◆ What you should do
Two lines in the listing below mark the span: one contains "Photo:Koo and Sze" and one contains "Седан Volkswagen Passat 1996 в Корце". Reproduce both of them and everything between, exactly.

***

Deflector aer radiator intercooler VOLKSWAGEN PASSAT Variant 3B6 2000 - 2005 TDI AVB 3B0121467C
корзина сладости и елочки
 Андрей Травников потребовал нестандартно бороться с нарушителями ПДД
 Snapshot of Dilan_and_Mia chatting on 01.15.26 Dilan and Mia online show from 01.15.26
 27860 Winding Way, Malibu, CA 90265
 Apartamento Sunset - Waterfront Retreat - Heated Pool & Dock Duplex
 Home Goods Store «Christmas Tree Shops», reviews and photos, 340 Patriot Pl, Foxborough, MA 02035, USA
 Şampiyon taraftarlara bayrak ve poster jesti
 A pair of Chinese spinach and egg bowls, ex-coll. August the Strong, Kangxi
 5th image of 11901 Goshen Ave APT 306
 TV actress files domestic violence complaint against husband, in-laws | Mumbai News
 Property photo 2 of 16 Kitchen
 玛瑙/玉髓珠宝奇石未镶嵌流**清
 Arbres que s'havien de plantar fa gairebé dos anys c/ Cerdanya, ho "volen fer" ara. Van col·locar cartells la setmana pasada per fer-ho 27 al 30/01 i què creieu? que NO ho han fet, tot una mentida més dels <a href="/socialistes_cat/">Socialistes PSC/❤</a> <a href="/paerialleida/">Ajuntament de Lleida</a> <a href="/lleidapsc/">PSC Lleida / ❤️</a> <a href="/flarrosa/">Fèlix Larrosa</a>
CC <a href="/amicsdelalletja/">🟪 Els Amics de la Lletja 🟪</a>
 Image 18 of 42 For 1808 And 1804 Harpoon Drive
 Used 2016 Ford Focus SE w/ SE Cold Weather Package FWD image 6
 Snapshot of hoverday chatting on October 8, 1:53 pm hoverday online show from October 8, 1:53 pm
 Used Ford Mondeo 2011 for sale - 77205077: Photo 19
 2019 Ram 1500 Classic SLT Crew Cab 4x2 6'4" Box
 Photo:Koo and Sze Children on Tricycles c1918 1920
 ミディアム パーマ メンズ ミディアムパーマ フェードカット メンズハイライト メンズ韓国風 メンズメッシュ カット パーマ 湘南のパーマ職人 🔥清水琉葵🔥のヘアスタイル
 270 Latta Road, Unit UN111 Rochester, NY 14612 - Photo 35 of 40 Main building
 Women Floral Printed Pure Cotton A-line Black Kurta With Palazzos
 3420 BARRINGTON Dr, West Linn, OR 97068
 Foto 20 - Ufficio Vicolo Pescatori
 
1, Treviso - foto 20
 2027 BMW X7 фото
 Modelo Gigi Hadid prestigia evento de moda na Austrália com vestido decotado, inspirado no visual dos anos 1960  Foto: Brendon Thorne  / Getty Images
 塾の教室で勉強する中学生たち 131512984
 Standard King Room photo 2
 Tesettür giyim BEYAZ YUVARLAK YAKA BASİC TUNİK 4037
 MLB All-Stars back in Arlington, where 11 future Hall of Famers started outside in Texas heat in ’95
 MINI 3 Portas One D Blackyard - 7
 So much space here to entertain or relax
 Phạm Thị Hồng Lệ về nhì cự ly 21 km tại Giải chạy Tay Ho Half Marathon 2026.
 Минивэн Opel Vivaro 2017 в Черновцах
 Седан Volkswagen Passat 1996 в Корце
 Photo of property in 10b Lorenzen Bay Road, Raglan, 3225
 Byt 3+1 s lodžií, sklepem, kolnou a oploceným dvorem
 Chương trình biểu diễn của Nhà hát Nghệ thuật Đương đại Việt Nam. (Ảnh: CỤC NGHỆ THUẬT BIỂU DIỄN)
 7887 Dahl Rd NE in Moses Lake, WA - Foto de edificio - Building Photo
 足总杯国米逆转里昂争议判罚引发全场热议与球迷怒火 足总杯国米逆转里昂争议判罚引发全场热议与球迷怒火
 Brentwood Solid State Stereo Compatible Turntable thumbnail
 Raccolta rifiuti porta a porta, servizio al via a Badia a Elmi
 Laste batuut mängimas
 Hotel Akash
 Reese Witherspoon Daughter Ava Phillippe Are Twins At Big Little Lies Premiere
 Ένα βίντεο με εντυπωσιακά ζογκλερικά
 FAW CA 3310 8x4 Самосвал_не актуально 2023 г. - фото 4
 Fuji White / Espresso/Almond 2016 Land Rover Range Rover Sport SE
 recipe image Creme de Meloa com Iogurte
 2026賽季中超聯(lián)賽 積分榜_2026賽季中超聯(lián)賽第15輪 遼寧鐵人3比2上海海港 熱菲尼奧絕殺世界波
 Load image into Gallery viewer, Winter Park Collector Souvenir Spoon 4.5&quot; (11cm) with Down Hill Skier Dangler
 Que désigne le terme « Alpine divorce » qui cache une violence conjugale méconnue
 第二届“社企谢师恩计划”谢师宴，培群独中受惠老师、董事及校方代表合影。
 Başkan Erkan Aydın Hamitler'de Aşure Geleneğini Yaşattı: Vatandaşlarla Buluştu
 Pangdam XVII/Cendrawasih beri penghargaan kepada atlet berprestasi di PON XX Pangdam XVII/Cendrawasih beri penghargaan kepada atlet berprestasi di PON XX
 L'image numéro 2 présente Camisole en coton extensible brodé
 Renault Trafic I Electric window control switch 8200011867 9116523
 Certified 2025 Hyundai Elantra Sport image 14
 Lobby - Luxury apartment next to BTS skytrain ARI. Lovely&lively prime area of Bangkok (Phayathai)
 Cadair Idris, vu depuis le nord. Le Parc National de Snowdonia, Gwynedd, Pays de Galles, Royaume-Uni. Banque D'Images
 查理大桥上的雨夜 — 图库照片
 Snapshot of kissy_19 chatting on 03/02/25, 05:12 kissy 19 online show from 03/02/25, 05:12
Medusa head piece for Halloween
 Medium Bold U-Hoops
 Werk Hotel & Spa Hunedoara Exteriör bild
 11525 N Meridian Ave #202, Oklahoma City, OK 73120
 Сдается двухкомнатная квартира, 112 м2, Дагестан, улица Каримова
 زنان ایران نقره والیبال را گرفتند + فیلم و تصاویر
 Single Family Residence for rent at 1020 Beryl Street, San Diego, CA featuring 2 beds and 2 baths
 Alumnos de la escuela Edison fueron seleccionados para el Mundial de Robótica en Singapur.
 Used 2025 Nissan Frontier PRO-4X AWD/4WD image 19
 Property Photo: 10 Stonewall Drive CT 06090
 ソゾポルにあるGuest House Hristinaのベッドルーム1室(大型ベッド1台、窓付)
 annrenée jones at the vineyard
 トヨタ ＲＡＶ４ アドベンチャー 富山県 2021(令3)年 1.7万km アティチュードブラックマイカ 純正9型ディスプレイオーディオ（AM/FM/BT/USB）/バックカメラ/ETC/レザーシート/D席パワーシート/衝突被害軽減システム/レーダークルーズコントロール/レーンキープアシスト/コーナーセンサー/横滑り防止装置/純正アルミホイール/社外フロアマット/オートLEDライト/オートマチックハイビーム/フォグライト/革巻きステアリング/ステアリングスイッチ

***

◆ Response area
 Photo:Koo and Sze Children on Tricycles c1918 1920
 ミディアム パーマ メンズ ミディアムパーマ フェードカット メンズハイライト メンズ韓国風 メンズメッシュ カット パーマ 湘南のパーマ職人 🔥清水琉葵🔥のヘアスタイル
 270 Latta Road, Unit UN111 Rochester, NY 14612 - Photo 35 of 40 Main building
 Women Floral Printed Pure Cotton A-line Black Kurta With Palazzos
 3420 BARRINGTON Dr, West Linn, OR 97068
 Foto 20 - Ufficio Vicolo Pescatori
 
1, Treviso - foto 20
 2027 BMW X7 фото
 Modelo Gigi Hadid prestigia evento de moda na Austrália com vestido decotado, inspirado no visual dos anos 1960  Foto: Brendon Thorne  / Getty Images
 塾の教室で勉強する中学生たち 131512984
 Standard King Room photo 2
 Tesettür giyim BEYAZ YUVARLAK YAKA BASİC TUNİK 4037
 MLB All-Stars back in Arlington, where 11 future Hall of Famers started outside in Texas heat in ’95
 MINI 3 Portas One D Blackyard - 7
 So much space here to entertain or relax
 Phạm Thị Hồng Lệ về nhì cự ly 21 km tại Giải chạy Tay Ho Half Marathon 2026.
 Минивэн Opel Vivaro 2017 в Черновцах
 Седан Volkswagen Passat 1996 в Корце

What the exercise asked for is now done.